There can be no life without sex, and life’s not much fun without the humor.

7 Comments

  1. It would have been interesting to compare all this to actual readership, but even with reader surveys, it’s hard to get a clear picture of what SL’s audience is. It could be mostly female, you never know. What’s interesting is that the girls, for the msot part, don’t seem to /think/ the readership is very female.

  2. Amoebae AREN’T reading my column, and that’s all I care about. ^__^ I’m a speciesist!!

    Sex is a big, weird, objective thing with a misleadingly small word for it.

  3. then i better not mention that i am really a sentient slime mold trying to understand humanity through its literature.

    i might be wrong again, but to me it appears that trying to seperate sex from everything else is like trying to seperate a quality like red from its context.

    imagine a world where it is considered inappropriate to draw something red because it might offend someone (“better dead than red”). it would not matter if that something is a cherry, a strawberry, roses, blood, or the martian sky.

    if something red was unavoidable, it would be drawn in a different color.
    and the audience would need to be encouraged to just imagine red to be there.

    wouldn’t that make red a vast, complex concept with a misleadingly short name?

    now the question is, why are women supposed to be not interested in it, and men to be unconditionally?

    maybe women assume that women are not interested, because they tend not to talk about that particular subject with other women, but rather with men? that would also explain why men are hardly surprised about women being interested.

  4. The problem would be that you couldn’t just survey the readers. The reader base might be 40% composed of 60-year-old guys, but somehow, you’d get a survey that reports that 75% of the readers are 17-19 year old female virgins with bra sizes C through DD.

  5. i am confused already.

    what is sex proper?

    i grew up believing that women in general were not interested in sex and only engage in it for the money, which rendered the whole subject pretty much uninteresting to me. (after all, if it is not interesting to the people i am interested in, why should i bother?) now that i know better, i find that i do not even know what it is.

    there are articles, magazines, ads, webcomics, featuring sex of some sorts in several ways. they all seem to agree that it is something enjoyable. if so, then why don’t people just go on and enjoy it? what makes it so complicated or dangerous?

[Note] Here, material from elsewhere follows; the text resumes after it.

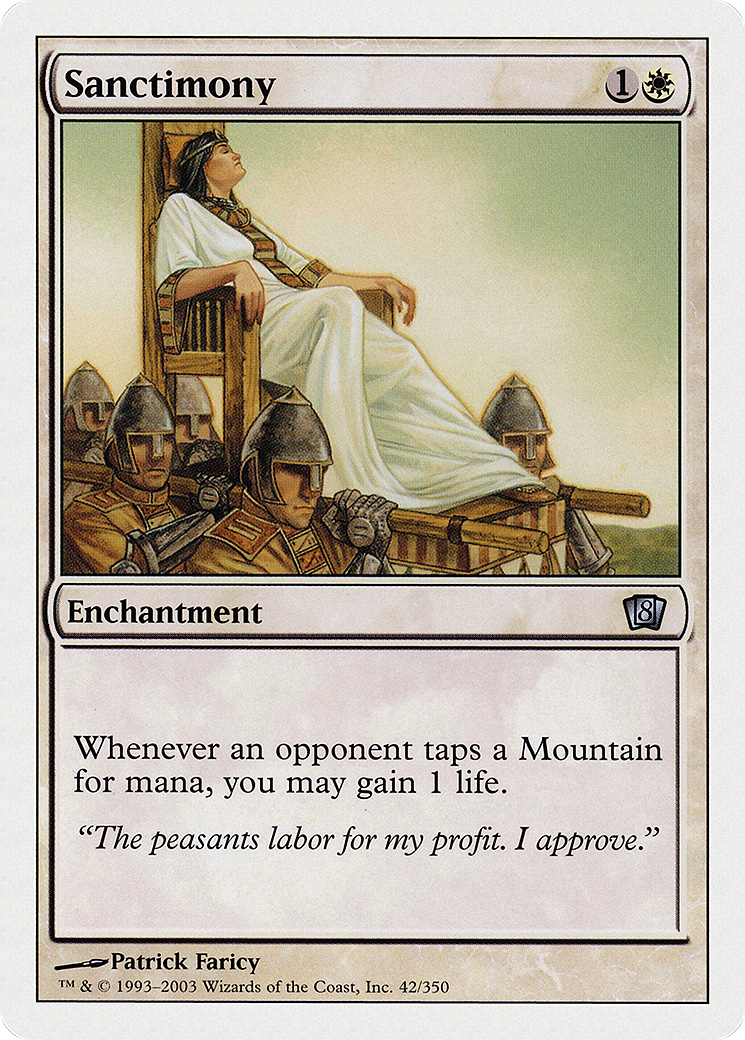 Sanctimony (8ED-042) - 8th Edition Foil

    i think different people enjoy it in different ways. so what defines it, and what distinguishes it from everything else? women in general stopped talking to me when i mentioned that i like hugs better than porn. am i wrong?

    i am probably wrong about sex being a way to express one’s feelings towards another. otherwise interest in it would not be specific to gender, but i am in fact relieved everytime a woman admits to taking an interest in that subject, but not so when a man does the same.

    what am i supposed to assume?

    meaghan, you mention that life is impossible without sex, so i assume that amoebae are doing it all the time?

    ps: i like the drawing.

  6. If Sexy Losers has truly male-heavy readership, I don’t know that it’s based solely on the NC-17 content — every female webcomic reader I know has checked it out at least a few times. My unscientific, estimated guess (judged basically from emails, forumgoers, tagboards, etc.) is that webcomics *overall* seem to have predominantly male readership. It’d be interesting to see how the gender-balance on a comic like SL compares across the board.

  7. Amoebae, frankly, are a horrible audience.

    They really don’t get a fair number of the jokes.

    Oh, and despite the many efforts of a great many, human mitosis has yet to be properly achieved, no matter how many unborn rights activists you see in front of the Clearasil plants.